Finally, we quantify the information loss that comes with the tokenization by training multi-class classifiers to distinguish between the ten jet types present in the dataset. The classifiers are trained once with the original inputs, and once with the inputs after undergoing tokenization and subsequent reconstruction back into physical space. This procedure allows a direct comparison of how the loss in resolution affects reconstruction performance. We utilize two standard classifier architectures: DeepSets Zaheer et al. (2018); Komiske et al. (2019) (i.e. without particle interactions) and Transformer Vaswani et al. (2017); Shleifer et al. (2021) (i.e. with particle interactions) and perform this study for four different codebook sizes from 512 to 8192 tokens for the conditional tokenization approach. Details about the classifier trainings can be found in subsection A.2. Note that this approach is similar in spirit to the classifier metric proposed in Krause and Shih (2023); Das et al. (2023) but tests a multi-class classifier trained on these samples individually, as opposed to judging how well a classifier might distinguish original and reconstructed samples. This is necessary as e.g. points at fixed positions would be distinguishable from the original with close to perfect accuracy, rendering the test less useful.

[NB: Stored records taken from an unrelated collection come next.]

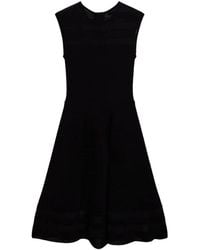 Ted Baker - Saalli Sleeveless Round Neck Regular Fit Midi Dress - Lyst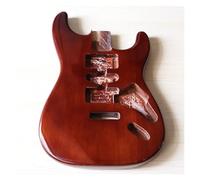 Electric Guitar Body Production For ST Sunset Color Log DIY Assembly And Modification Handmade Body Accessories (Color : 02)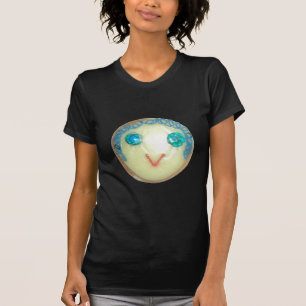 Blue Hair Emoji Art Print/Graphic T-Shirt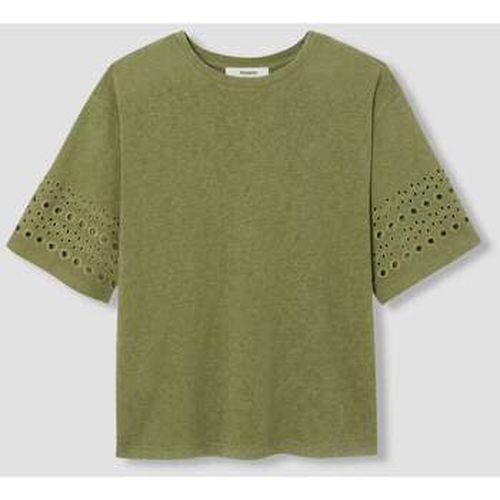 Blouses T-shirt broderie anglaise - Promod - Modalova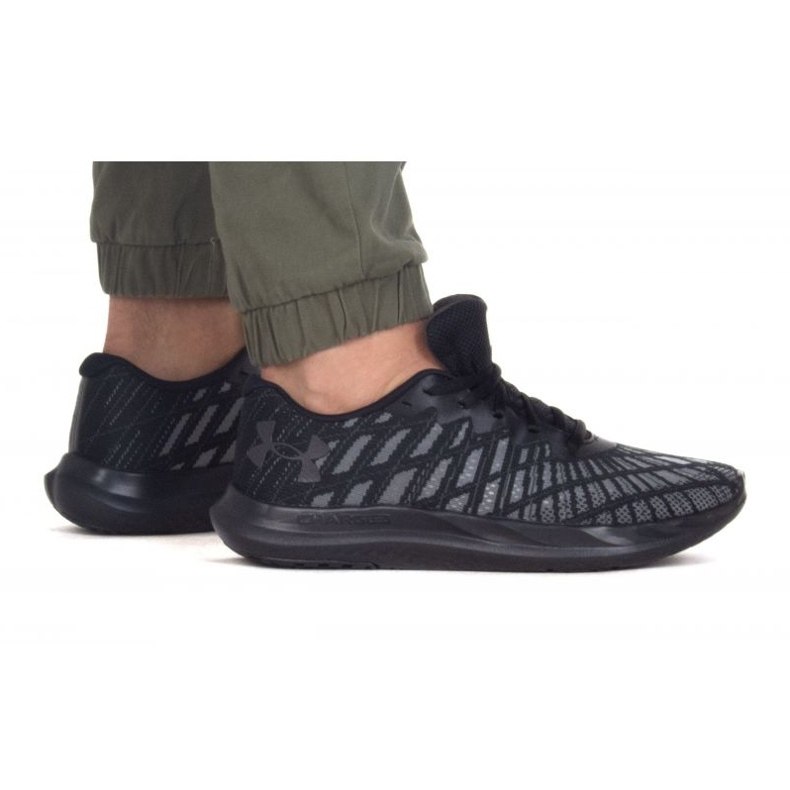 Under Armour Pánské pod brnění nabité Breeze 2 3026135-002 boty černý 4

The resulting classifier accuracy for the two different architectures is shown in Figure 5. As seen in previous studies of resolution, we observe an increase of token quality as we increase the size of the VQ-VAE codebook. Furthermore, we see that the classifier performance starts to plateau with codebook sizes larger than 4096. However, even at the largest codebook size, a gap to the performance on original particles remains, motivating future work into building more accurate tokenization schemes.

For the remaining studies we will utilize a codebook size of 8192 with conditional tokens as this leads to the overall best performance and fidelity.

III.2 Jet generation

After training the transformer backbone with the generative head, it can be used for autoregressive generation as described in subsection II.3. The model was trained on three separate datasets: $t\to bqq^{\prime}$ only, $q/g$ only, and $q/g$ and $t\to bqq^{\prime}$ combined. This section will describe the combined version, since this is the model that is used for transfer learning. For a discussion of single-jet type generative results, including a comparison to the EPiC-FM method of Birk et al. (2023), see appendix Appendix C. 48 000 events were generated from the combined model. These events contain tokens, which are then decoded back to physical space using the VQ-VAE decoder.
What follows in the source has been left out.